Notebook [3]: Training the reader on the SQuAD v1.1 dataset¶

This notebook shows how to fine-tune a pre-trained BERT model on the SQuAD.

*Note:* To run this notebook you will need to have access to GPU. The fine-tuning of the Reader was done with an AWS EC2 p3.2xlarge machine (GPU Tesla V100 16GB). It took about 2 hours to complete (2 epochs on SQuAD 1.1 train was enough to achieve SOTA results on SQuAD 1.1 dev).

In [1]:

import os
import torch
import joblib
from cdqa.reader import BertProcessor, BertQA
from cdqa.utils.download import download_squad

/home/supercalculateur/source/andre/cdqa-dev/env-cdqa/lib/python3.6/site-packages/sklearn/externals/joblib/__init__.py:15: DeprecationWarning: sklearn.externals.joblib is deprecated in 0.21 and will be removed in 0.23. Please import this functionality directly from joblib, which can be installed with: pip install joblib. If this warning is raised when loading pickled models, you may need to re-serialize those models with scikit-learn 0.21+.
  warnings.warn(msg, category=DeprecationWarning)
/home/supercalculateur/source/andre/cdqa-dev/env-cdqa/lib/python3.6/site-packages/tqdm/autonotebook/__init__.py:18: TqdmExperimentalWarning: Using `tqdm.autonotebook.tqdm` in notebook mode.
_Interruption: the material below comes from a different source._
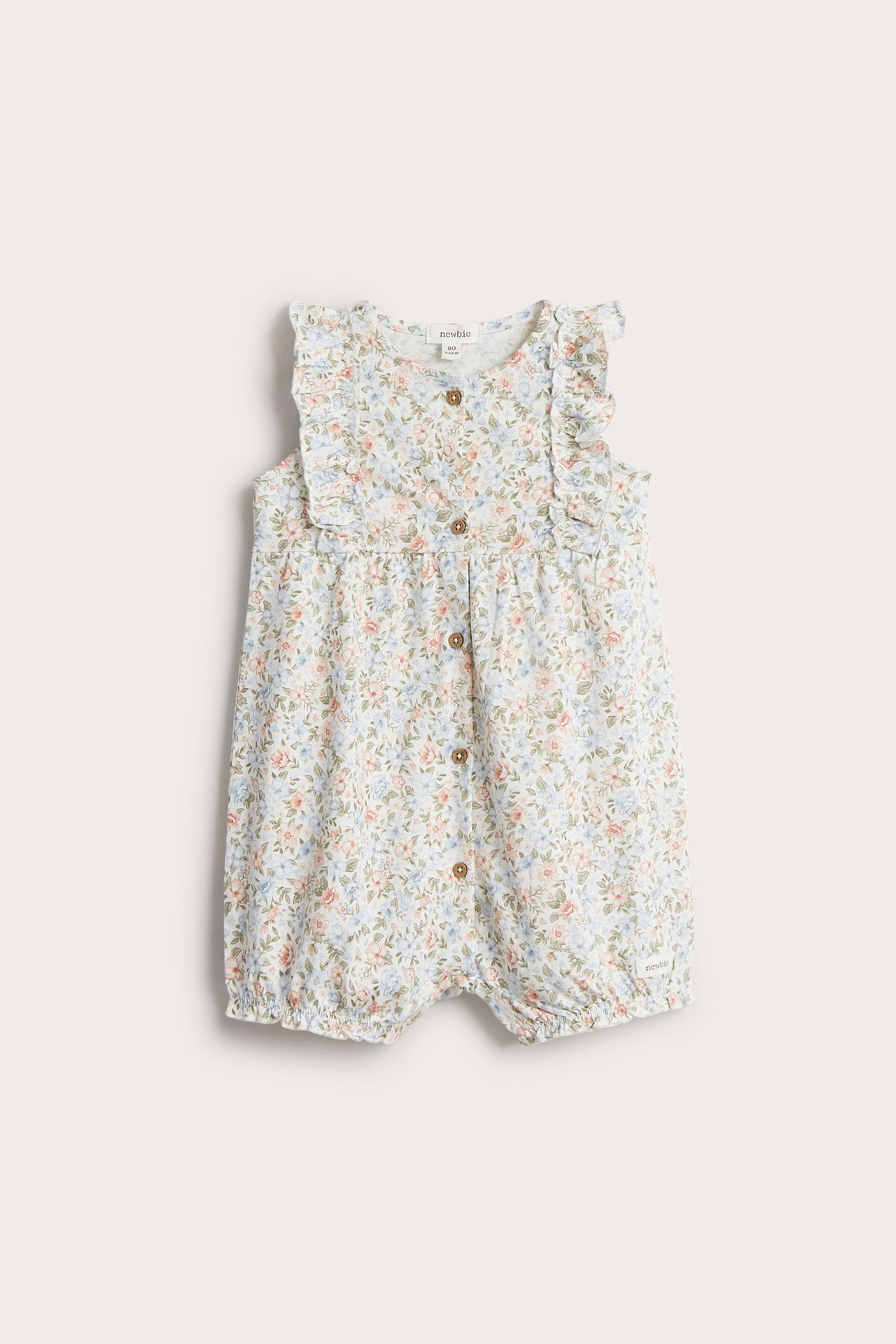 Playsuit mit Streublumenmuster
Use `tqdm.tqdm` instead to force console mode (e.g. in jupyter console)
  " (e.g. in jupyter console)", TqdmExperimentalWarning)

Download SQuAD datasets¶

In [2]:

download_squad(dir='./data')

Downloading SQuAD v1.1 data...
train-v1.1.json already downloaded
dev-v1.1.json already downloaded

Downloading SQuAD v2.0 data...
train-v2.0.json already downloaded
dev-v2.0.json already downloaded

Preprocess SQuAD 1.1 examples¶

In [3]:

train_processor = BertProcessor(do_lower_case=True, is_training=True, n_jobs=-1)
train_examples, train_features = train_processor.fit_transform(X='./data/SQuAD_1.1/train-v1.1.json')

Train the model¶

In [ ]:

reader = BertQA(train_batch_size=12,
                learning_rate=3e-5,
                num_train_epochs=2,
                do_lower_case=True,
                output_dir='models')

reader.fit(X=(train_examples, train_features))

Send model to CPU¶

In [ ]:

reader.model.to('cpu')
reader.device = torch.device('cpu')

Save model locally¶

In [ ]:

joblib.dump(reader, os.path.join(reader.output_dir, 'bert_qa.joblib'))